一流の社長は例外なく「しつこい」
成功する社長に共通する性格の一つに「粘り強さ」が挙げられます。言い換えれば、しつこい。決めたことはしつこくやる。簡単にはあきらめない。そうやって信念を貫く粘り強さが、成功につながるのだと思います。
ですから、部下にもしつこく言わなければいけないことは、何度も何度も言い続けます。
もっとも、この兼ね合いが難しい。しつこいくらいに言って、身体に染みこませるというのも一つ大事なことです。ただし、一挙手一投足まで細かいことまで指示してはいけない。それぞれが自分の裁量で自由にやれるようにしなくてはいけない。あまり口を出しすぎると、部下が自分で判断できなくなるので、判断できない人になってしまいます。

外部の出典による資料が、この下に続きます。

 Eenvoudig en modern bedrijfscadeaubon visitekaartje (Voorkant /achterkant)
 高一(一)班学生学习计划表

けれども、あとは任せたといって丸投げしてはいけないのです。関わりすぎてもいけない、関わらなさすぎてもいけないわけです。「規律の中の自由」が大事。ある程度自分で判断してやらせないといけない。ある程度規律を守れる人には、権限を与えて、ある程度自由にやらせる。その代わり、徹底的に結果が出るまでやらせる。なあなあの結果などは許してはダメです。

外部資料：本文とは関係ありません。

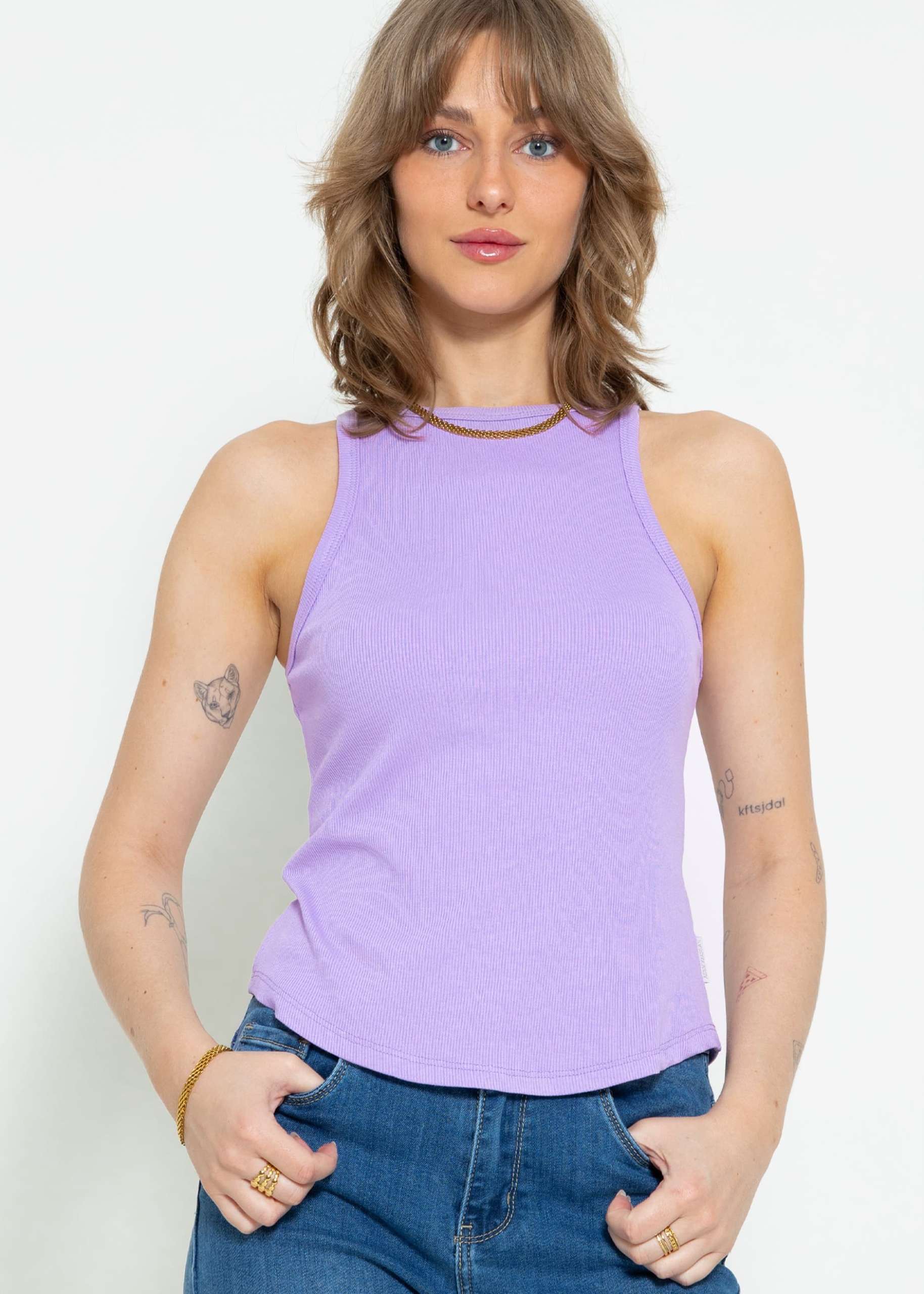 Ribbed tank top - lilac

もちろん、それぞれの能力によっても違います。規律は守れるけれど、能力が足りない人もいますし、その逆で能力は高いけれど、規律が守れない人もいます。能力を見極めた上で仕事を任せるのですが、十分なアウトプットを出せることが大前提です。そうしないと、お客さまにも、周りの仲間にも迷惑です。規律を守れない人は論外です。
『老子』に描かれた「最高のリーダー」の条件とは?
『老子』のなかに、最高のリーダーとはどういうものかという話があります。かいつまんで説明すると、次のようなものです。
最高のリーダーは、その存在さえ意識されない。
その次は、敬愛されるリーダー。
その次が、恐れられるリーダー。
最低なのは、バカにされるリーダーである。
敬愛されている人は、良いリーダーです。慕われ、その人のおかげだとみんなが思うような存在なわけですから。そして、多くのリーダーはそれを目指します。
しかし、その上がある。「存在さえ意識されない」とはどういうことかというと、何かを成し遂げて手柄を立てても、部下はリーダーのおかげだとは思っていない。つまり、部下に自分の存在を意識させる、誇示するようなのはまだまだであるということ。存在を悟らせず、部下に「自分の成果だ」と思わせることができることこそ、最高の指導者だというわけです。
それは何もしないということではなく、「考え方」を普段から統一、徹底し、部下が「自分の力でできた」と思えるような「仕組み」をつくり上げているのが、最高のリーダーであるというのです。
これは、私もそのとおりだと思います。その人がいないとうまく回らないようでは、本当の良いリーダーではない。リーダーと同じ考え方を持ち、誰がやってもできてしまうような仕組みを考え出せたら、自分がいなくなっても、組織は長続きしていける、ということです。